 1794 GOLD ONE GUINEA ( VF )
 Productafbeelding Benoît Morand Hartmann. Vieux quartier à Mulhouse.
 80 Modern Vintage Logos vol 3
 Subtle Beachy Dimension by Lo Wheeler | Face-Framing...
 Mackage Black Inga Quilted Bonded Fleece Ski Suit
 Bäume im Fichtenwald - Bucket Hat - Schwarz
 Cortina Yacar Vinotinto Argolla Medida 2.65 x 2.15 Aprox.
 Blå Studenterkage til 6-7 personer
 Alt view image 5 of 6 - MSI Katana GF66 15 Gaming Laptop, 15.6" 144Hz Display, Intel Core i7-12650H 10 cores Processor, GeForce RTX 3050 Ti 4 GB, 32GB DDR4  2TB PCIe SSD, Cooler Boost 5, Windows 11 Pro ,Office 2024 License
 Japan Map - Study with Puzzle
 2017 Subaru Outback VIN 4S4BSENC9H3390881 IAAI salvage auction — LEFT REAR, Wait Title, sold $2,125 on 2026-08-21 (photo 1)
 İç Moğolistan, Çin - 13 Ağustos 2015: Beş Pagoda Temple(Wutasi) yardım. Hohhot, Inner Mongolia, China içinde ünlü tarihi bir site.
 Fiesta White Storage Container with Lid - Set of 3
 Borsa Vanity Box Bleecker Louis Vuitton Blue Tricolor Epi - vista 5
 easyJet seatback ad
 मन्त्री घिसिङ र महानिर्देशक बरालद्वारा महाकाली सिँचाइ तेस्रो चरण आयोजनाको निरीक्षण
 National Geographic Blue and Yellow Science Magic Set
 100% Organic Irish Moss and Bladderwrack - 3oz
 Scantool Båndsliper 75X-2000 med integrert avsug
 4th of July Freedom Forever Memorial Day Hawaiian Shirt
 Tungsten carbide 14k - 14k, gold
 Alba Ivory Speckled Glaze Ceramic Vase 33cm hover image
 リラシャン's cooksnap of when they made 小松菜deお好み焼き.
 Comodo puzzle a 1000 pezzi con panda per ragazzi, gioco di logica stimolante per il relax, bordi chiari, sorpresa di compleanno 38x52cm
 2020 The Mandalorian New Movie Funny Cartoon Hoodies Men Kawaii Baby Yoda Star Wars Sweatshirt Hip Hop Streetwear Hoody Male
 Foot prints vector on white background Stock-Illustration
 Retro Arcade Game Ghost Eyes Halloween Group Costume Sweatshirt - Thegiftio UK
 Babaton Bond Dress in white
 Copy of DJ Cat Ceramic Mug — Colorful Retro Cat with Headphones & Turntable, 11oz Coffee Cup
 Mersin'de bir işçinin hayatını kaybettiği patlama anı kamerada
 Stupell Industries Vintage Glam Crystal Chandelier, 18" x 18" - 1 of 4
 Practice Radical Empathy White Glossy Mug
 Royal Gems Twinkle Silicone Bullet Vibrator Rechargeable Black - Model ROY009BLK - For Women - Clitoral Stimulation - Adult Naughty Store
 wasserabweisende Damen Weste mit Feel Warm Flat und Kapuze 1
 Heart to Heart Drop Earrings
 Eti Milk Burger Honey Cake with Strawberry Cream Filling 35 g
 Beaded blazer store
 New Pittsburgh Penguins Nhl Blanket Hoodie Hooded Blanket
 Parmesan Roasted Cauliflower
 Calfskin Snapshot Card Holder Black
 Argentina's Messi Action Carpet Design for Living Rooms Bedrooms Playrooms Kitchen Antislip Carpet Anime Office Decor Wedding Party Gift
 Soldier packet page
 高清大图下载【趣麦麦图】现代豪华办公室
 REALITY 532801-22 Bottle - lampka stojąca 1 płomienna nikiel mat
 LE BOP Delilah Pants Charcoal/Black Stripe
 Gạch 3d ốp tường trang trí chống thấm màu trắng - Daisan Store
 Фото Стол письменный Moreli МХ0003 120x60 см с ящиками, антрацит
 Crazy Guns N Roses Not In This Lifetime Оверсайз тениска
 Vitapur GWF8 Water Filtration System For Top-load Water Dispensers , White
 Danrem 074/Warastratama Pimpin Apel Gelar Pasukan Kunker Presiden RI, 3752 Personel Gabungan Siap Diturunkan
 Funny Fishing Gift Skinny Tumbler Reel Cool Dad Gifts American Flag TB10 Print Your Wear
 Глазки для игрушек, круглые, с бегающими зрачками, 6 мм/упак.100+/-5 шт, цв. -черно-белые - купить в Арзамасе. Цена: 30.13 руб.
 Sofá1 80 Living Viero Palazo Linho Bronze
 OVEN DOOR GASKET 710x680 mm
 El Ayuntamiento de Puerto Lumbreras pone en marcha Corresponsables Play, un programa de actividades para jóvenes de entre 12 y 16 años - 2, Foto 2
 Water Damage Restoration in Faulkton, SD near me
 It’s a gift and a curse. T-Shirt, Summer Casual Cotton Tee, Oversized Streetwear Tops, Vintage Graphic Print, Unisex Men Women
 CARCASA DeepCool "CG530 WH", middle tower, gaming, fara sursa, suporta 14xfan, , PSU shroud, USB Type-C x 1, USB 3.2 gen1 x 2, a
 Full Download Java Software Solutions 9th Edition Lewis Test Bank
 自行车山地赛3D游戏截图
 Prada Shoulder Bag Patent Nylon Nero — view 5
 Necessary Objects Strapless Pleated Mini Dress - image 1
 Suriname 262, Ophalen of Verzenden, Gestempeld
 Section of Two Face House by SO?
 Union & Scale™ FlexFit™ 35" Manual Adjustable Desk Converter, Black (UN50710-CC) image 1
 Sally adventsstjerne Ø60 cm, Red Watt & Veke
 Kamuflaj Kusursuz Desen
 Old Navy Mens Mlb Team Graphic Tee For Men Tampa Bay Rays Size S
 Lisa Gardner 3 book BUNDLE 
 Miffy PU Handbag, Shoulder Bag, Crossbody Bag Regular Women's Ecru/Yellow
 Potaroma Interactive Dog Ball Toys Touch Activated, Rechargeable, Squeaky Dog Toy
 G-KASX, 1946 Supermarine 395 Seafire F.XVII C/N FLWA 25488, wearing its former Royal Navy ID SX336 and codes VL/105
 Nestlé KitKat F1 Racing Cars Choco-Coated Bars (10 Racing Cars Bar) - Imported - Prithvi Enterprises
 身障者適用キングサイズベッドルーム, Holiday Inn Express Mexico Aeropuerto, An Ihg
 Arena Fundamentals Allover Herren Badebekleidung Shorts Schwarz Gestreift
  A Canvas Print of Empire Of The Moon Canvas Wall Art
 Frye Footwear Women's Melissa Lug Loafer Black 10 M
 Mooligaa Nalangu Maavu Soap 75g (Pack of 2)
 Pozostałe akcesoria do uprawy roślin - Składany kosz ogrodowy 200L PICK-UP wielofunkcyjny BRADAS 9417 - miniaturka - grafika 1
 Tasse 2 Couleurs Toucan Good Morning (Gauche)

→ **What is required**: Nothing should be left out when the listing is retyped exactly.

→ **Exercise solution**:
 1794 GOLD ONE GUINEA ( VF )
 Productafbeelding Benoît Morand Hartmann. Vieux quartier à Mulhouse.
 80 Modern Vintage Logos vol 3
 Subtle Beachy Dimension by Lo Wheeler | Face-Framing...
 Mackage Black Inga Quilted Bonded Fleece Ski Suit
 Bäume im Fichtenwald - Bucket Hat - Schwarz
 Cortina Yacar Vinotinto Argolla Medida 2.65 x 2.15 Aprox.
 Blå Studenterkage til 6-7 personer
 Alt view image 5 of 6 - MSI Katana GF66 15 Gaming Laptop, 15.6" 144Hz Display, Intel Core i7-12650H 10 cores Processor, GeForce RTX 3050 Ti 4 GB, 32GB DDR4  2TB PCIe SSD, Cooler Boost 5, Windows 11 Pro ,Office 2024 License
 Japan Map - Study with Puzzle
 2017 Subaru Outback VIN 4S4BSENC9H3390881 IAAI salvage auction — LEFT REAR, Wait Title, sold $2,125 on 2026-08-21 (photo 1)
 İç Moğolistan, Çin - 13 Ağustos 2015: Beş Pagoda Temple(Wutasi) yardım. Hohhot, Inner Mongolia, China içinde ünlü tarihi bir site.
 Fiesta White Storage Container with Lid - Set of 3
 Borsa Vanity Box Bleecker Louis Vuitton Blue Tricolor Epi - vista 5
 easyJet seatback ad
 मन्त्री घिसिङ र महानिर्देशक बरालद्वारा महाकाली सिँचाइ तेस्रो चरण आयोजनाको निरीक्षण
 National Geographic Blue and Yellow Science Magic Set
 100% Organic Irish Moss and Bladderwrack - 3oz
 Scantool Båndsliper 75X-2000 med integrert avsug
 4th of July Freedom Forever Memorial Day Hawaiian Shirt
 Tungsten carbide 14k - 14k, gold
 Alba Ivory Speckled Glaze Ceramic Vase 33cm hover image
 リラシャン's cooksnap of when they made 小松菜deお好み焼き.
 Comodo puzzle a 1000 pezzi con panda per ragazzi, gioco di logica stimolante per il relax, bordi chiari, sorpresa di compleanno 38x52cm
 2020 The Mandalorian New Movie Funny Cartoon Hoodies Men Kawaii Baby Yoda Star Wars Sweatshirt Hip Hop Streetwear Hoody Male
 Foot prints vector on white background Stock-Illustration
 Retro Arcade Game Ghost Eyes Halloween Group Costume Sweatshirt - Thegiftio UK
 Babaton Bond Dress in white
 Copy of DJ Cat Ceramic Mug — Colorful Retro Cat with Headphones & Turntable, 11oz Coffee Cup
 Mersin'de bir işçinin hayatını kaybettiği patlama anı kamerada
 Stupell Industries Vintage Glam Crystal Chandelier, 18" x 18" - 1 of 4
 Practice Radical Empathy White Glossy Mug
 Royal Gems Twinkle Silicone Bullet Vibrator Rechargeable Black - Model ROY009BLK - For Women - Clitoral Stimulation - Adult Naughty Store
 wasserabweisende Damen Weste mit Feel Warm Flat und Kapuze 1
 Heart to Heart Drop Earrings
 Eti Milk Burger Honey Cake with Strawberry Cream Filling 35 g
 Beaded blazer store
 New Pittsburgh Penguins Nhl Blanket Hoodie Hooded Blanket
 Parmesan Roasted Cauliflower
 Calfskin Snapshot Card Holder Black
 Argentina's Messi Action Carpet Design for Living Rooms Bedrooms Playrooms Kitchen Antislip Carpet Anime Office Decor Wedding Party Gift
 Soldier packet page
 高清大图下载【趣麦麦图】现代豪华办公室
 REALITY 532801-22 Bottle - lampka stojąca 1 płomienna nikiel mat
 LE BOP Delilah Pants Charcoal/Black Stripe
 Gạch 3d ốp tường trang trí chống thấm màu trắng - Daisan Store
 Фото Стол письменный Moreli МХ0003 120x60 см с ящиками, антрацит
 Crazy Guns N Roses Not In This Lifetime Оверсайз тениска
 Vitapur GWF8 Water Filtration System For Top-load Water Dispensers , White
 Danrem 074/Warastratama Pimpin Apel Gelar Pasukan Kunker Presiden RI, 3752 Personel Gabungan Siap Diturunkan
 Funny Fishing Gift Skinny Tumbler Reel Cool Dad Gifts American Flag TB10 Print Your Wear
 Глазки для игрушек, круглые, с бегающими зрачками, 6 мм/упак.100+/-5 шт, цв. -черно-белые - купить в Арзамасе. Цена: 30.13 руб.
 Sofá1 80 Living Viero Palazo Linho Bronze
 OVEN DOOR GASKET 710x680 mm
 El Ayuntamiento de Puerto Lumbreras pone en marcha Corresponsables Play, un programa de actividades para jóvenes de entre 12 y 16 años - 2, Foto 2
 Water Damage Restoration in Faulkton, SD near me
 It’s a gift and a curse. T-Shirt, Summer Casual Cotton Tee, Oversized Streetwear Tops, Vintage Graphic Print, Unisex Men Women
 CARCASA DeepCool "CG530 WH", middle tower, gaming, fara sursa, suporta 14xfan, , PSU shroud, USB Type-C x 1, USB 3.2 gen1 x 2, a
 Full Download Java Software Solutions 9th Edition Lewis Test Bank
 自行车山地赛3D游戏截图
 Prada Shoulder Bag Patent Nylon Nero — view 5
 Necessary Objects Strapless Pleated Mini Dress - image 1
 Suriname 262, Ophalen of Verzenden, Gestempeld
 Section of Two Face House by SO?
 Union & Scale™ FlexFit™ 35" Manual Adjustable Desk Converter, Black (UN50710-CC) image 1
 Sally adventsstjerne Ø60 cm, Red Watt & Veke
 Kamuflaj Kusursuz Desen
 Old Navy Mens Mlb Team Graphic Tee For Men Tampa Bay Rays Size S
 Lisa Gardner 3 book BUNDLE 
 Miffy PU Handbag, Shoulder Bag, Crossbody Bag Regular Women's Ecru/Yellow
 Potaroma Interactive Dog Ball Toys Touch Activated, Rechargeable, Squeaky Dog Toy
 G-KASX, 1946 Supermarine 395 Seafire F.XVII C/N FLWA 25488, wearing its former Royal Navy ID SX336 and codes VL/105
 Nestlé KitKat F1 Racing Cars Choco-Coated Bars (10 Racing Cars Bar) - Imported - Prithvi Enterprises
 身障者適用キングサイズベッドルーム, Holiday Inn Express Mexico Aeropuerto, An Ihg
 Arena Fundamentals Allover Herren Badebekleidung Shorts Schwarz Gestreift
  A Canvas Print of Empire Of The Moon Canvas Wall Art
 Frye Footwear Women's Melissa Lug Loafer Black 10 M
 Mooligaa Nalangu Maavu Soap 75g (Pack of 2)
 Pozostałe akcesoria do uprawy roślin - Składany kosz ogrodowy 200L PICK-UP wielofunkcyjny BRADAS 9417 - miniaturka - grafika 1
 Tasse 2 Couleurs Toucan Good Morning (Gauche)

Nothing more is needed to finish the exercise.